▸ **EXERCISE REQUIREMENTS**: Below are the entries. Transcribe exactly the lines from the one with "Chiffon microfibre Cleaninq" through the one with "ChloBo Gold Dainty", ends included, and leave out all others.

▸ **RECORDS FOR THIS TASK**:

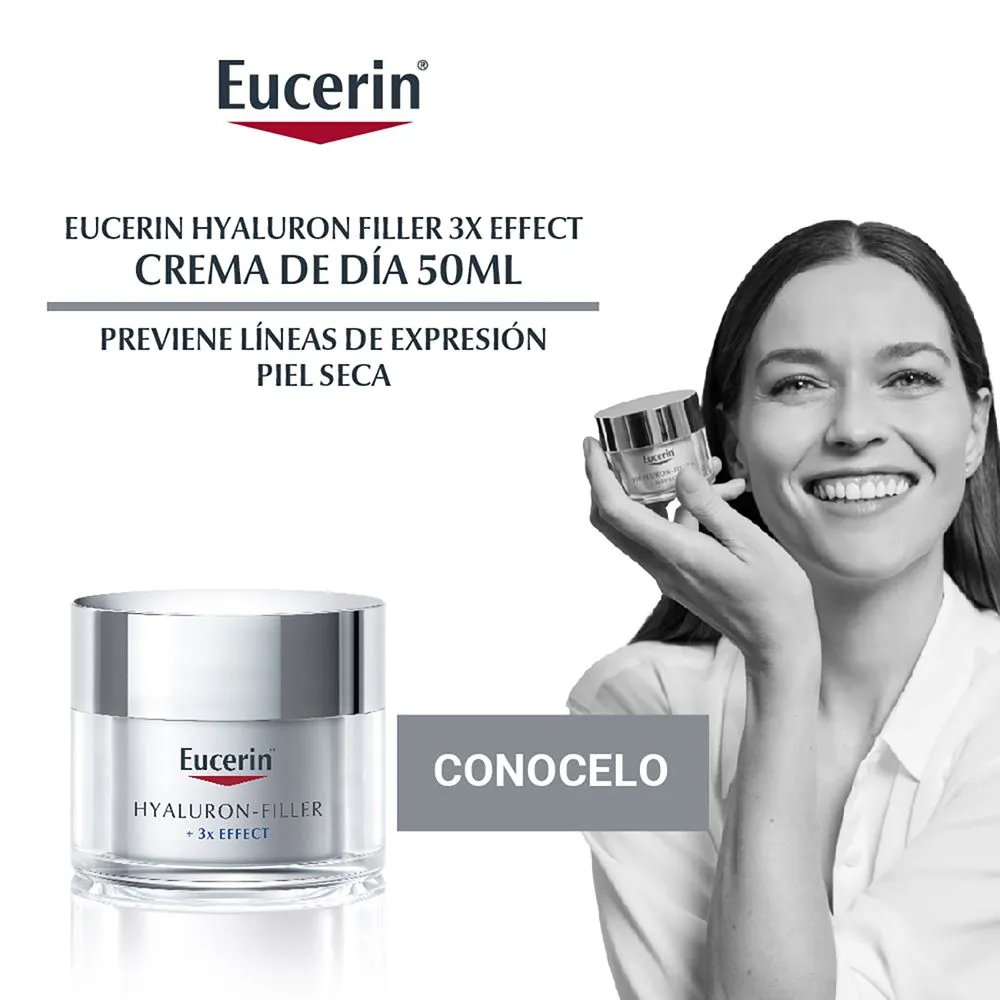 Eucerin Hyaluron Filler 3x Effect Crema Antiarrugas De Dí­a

...

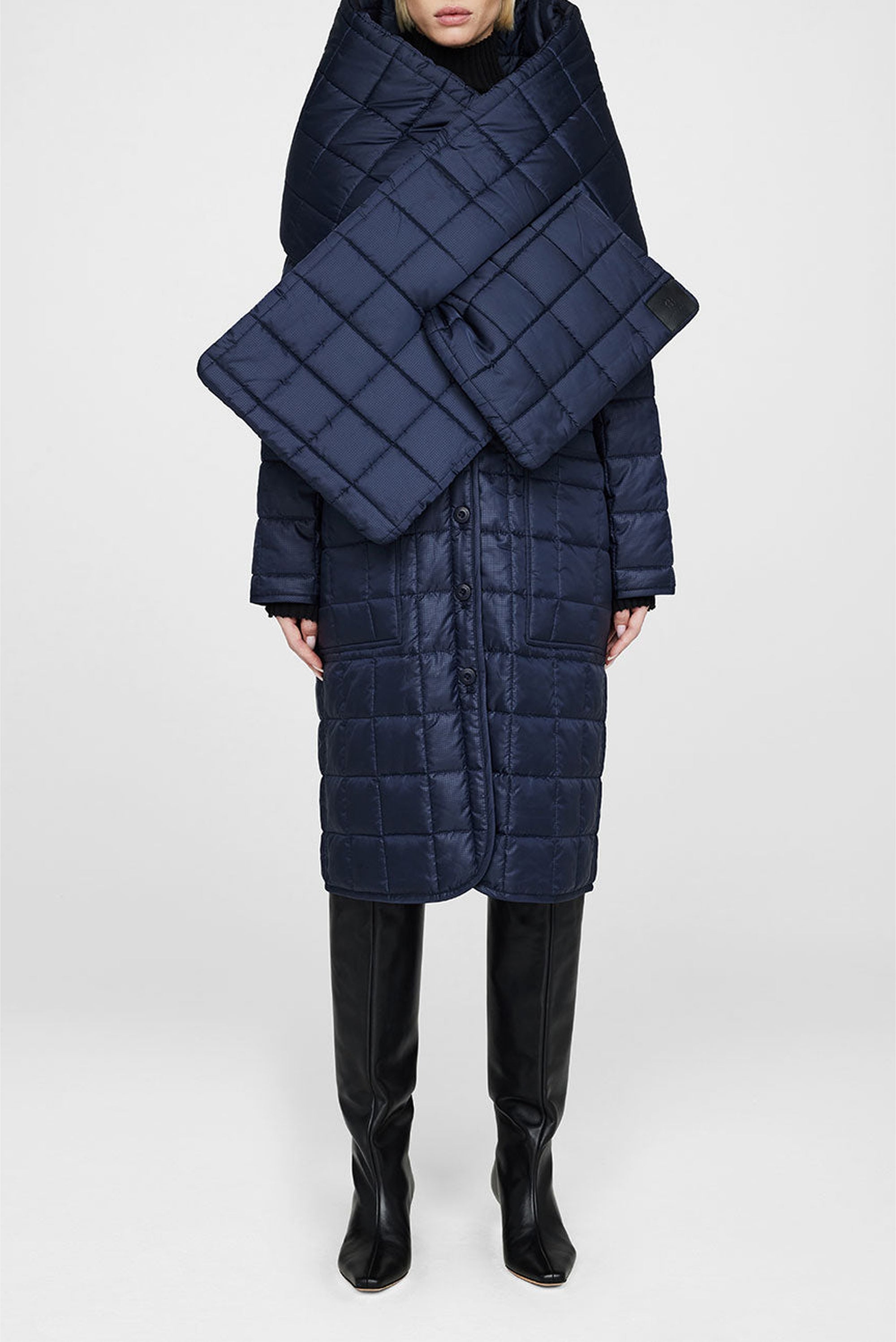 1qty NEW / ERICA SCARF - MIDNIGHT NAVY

...

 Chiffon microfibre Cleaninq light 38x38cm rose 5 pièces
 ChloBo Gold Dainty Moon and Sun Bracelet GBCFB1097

▸ **OUTPUT BELOW**:
 Chiffon microfibre Cleaninq light 38x38cm rose 5 pièces
 ChloBo Gold Dainty Moon and Sun Bracelet GBCFB1097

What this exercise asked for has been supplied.